The school was full of such moments of contagious laughter. There was no tickling required. They would look at you and laugh thinking of a recent random incident and it would be so contagious that you’d laugh back. And none of you would be in the senses of asking or answering what the hell is the matter. As a defence mechanism to not be kicked out of the class, one’s head should either be below the bench or hidden behind a bunker like a tall guy/girl. Although, thinking of it now, being kicked out of class would not be so bad either. There was no attendance to get cancelled over there. I’ve clearly missed the chance.
While growing up, a serious instruction manual came for us girls, enlightening us about how to speak and laugh. I hope some came for boys too. But with the seriousness of the menstrual talk or sex talk (that interestingly would never happen), we would be told, “Girls shouldn’t laugh that loudly.” Woah. This was new at that point in time.
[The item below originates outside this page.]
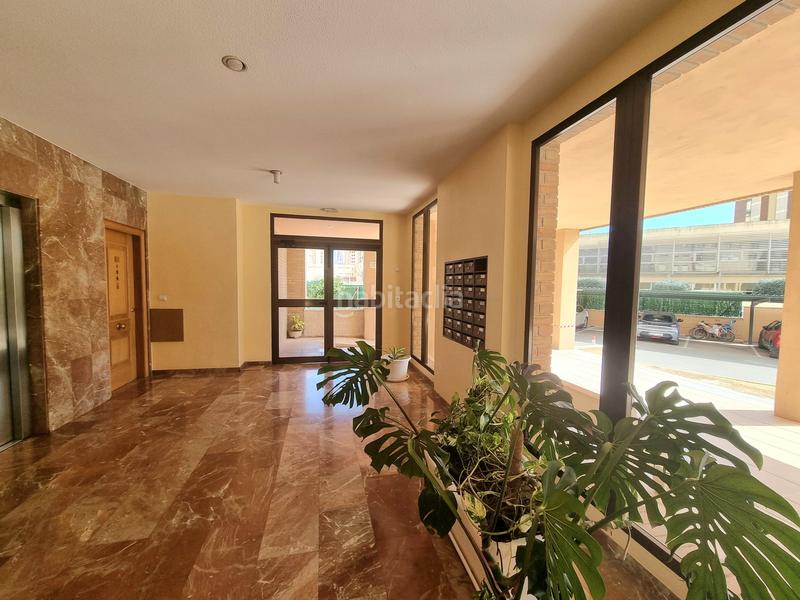 Foto 4496a965-8cda-42ce-be97-1fbe81e7e22f. Appartamento con riscaldamento parcheggio piscina in Benidorm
Another new thing that came without saying, almost contagious first and then subconscious: We got to keep our hands on our mouths while laughing. It became subconscious after a while. Remember girls/women around you putting their hands on their mouths when they go ‘hehehehehehehehe’? It has taken me years but I have gotten myself out of that bad habit. Dude, I have beautiful white teeth and my mouth doesn’t stink. I need not put a hand on my mouth.
I think laughter requires a curious element of imagination and surprise. We should be taken aback by an incident or a joke that it surges laughter out of us. We lose these things while growing up. Nothing surprises us anymore. Adulthood as we know it is a serious responsibility. Our workplaces have no scope for laughter because laughter means distraction. So with all our emotions transferring into short forms or emoticons, even laughter gets transformed into ‘LOL’ and ‘ROFL’. It’s almost funny that we send out a huge, ‘hahahahahahahahahahahahah’ without even a flicker of a smile on our faces. Poker face is the new veil. Seflies are the new outlets to smiles. Poses are the new make beliefs.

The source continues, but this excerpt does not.